Two classic NMK arcade shooters also benefitted from this change. Hacha Mecha Fighter previously only had a working bootleg conversion set, and a prototype; the original set didn’t work 100% correctly due to the protection simulation being incomplete. That is now fixed.
The other NMK shooter to benefit was Thunder Dragon. This one is less noteworthy as there was already, what was presume to be, an unprotected set, that was fully functional. The MCU dump allows the protected version to function correctly too however.
Jaleco also used TLCS90 series MCUs on the Mega System 1 B and C type boards, as a protected IO controller. While the end user likely isn’t going to notice the effect of this being implemented it does make the emulation more complete.
Taking the time to revisit the driver did provide a window to fix some other bugs and improve other aspects of the emulation however. The ‘Press Start’ text effect on Saint Dragon now works correctly too.
Further research on the Type A Megasystem 1 games showed that those did not use an MCU at all, but rather a gate array as protection. This led to another discovery, that Shingen Samurai-Fighter has never worked properly in MAME due to a delayed protection check. It had often been reported that the game would randomly reset, but the reason was previously unknown. A better understanding of the protections involved allowed it to be fixed.
Intel 8751 MCUs have been dumpable for a few years now, although the process isn’t 100% reliable. One game to make use of such an MCU is Capcom’s Avengers. The game uses the MCU to control enemy movement and upload game palettes. This one took a bit of finding as Capcom hid the MCU underneath another chip!
Outside of the Arcades
The Casio Loopy was, if we’re being kind, a misguided attempt to bring gaming to young girls. Emulation of it has been difficult because not only did it had a ROM internal to the SH1 CPU, but also unneccessary complex video hardware for what is basically little more than a toy to create and print stickers.

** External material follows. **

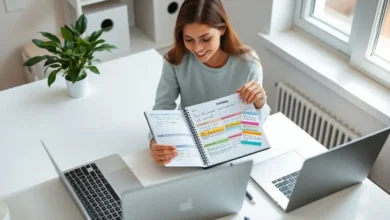 Imagem de um freelancer satisfeito em um espaço de trabalho limpo e organizado.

Even now the sound hardware remains unemulated as that is likely another CPU with an internal ROM. Otherwise the system became functional in MAME in 2023.
Another misguided product was the Video Art from LJN. This notoriously bad system was quickly consigned to the history books upon release but in more recent years has ended up in the spotlight due to the ridicule it has recieved online for just how badly designed and executed it was. 2023 was the year running it in MAME became a reality, and with all 9 cartridges also supported there’s no need to break out the squeaky joystick again.
Plug and Play
2023 wasn’t a year that saw much activity when it came to XaviX related material, although a single Evio cartridge “I Love Classic 2” was dumped. The violin controller is still not emulated properly, but you can listen to the songs in the demo mode.
The Game Zone II 128-in-1 is a famiclone, but it has a few uncommon games in it, including some very poor implementations of Asteroids, Missile Command and Frogger. MAME still has some emulation issues due to poor implementations of the mappers used, but it’s interesting to see these all the same.
Gambling Games from Bigger Names
One more traditional area of MAME that still has many gaps in coverage is that of gambling titles developed by big name Japanese developers. Both Sega and Konami had hundreds of them, easily found in Japanese arcades, yet MAME barely scratches the tip of the iceberg. Another manufacturer with a presence in that part of the industry was Taito. Eibise is an example of a relatively simple ‘slots’ style gambling game put out by Taito.
Parent Jack is another Taito game, and while this has been supported in MAME for longer, it hasn’t ever worked properly. The improvements made to support Eibise allowed it to be promoted to fully functional status.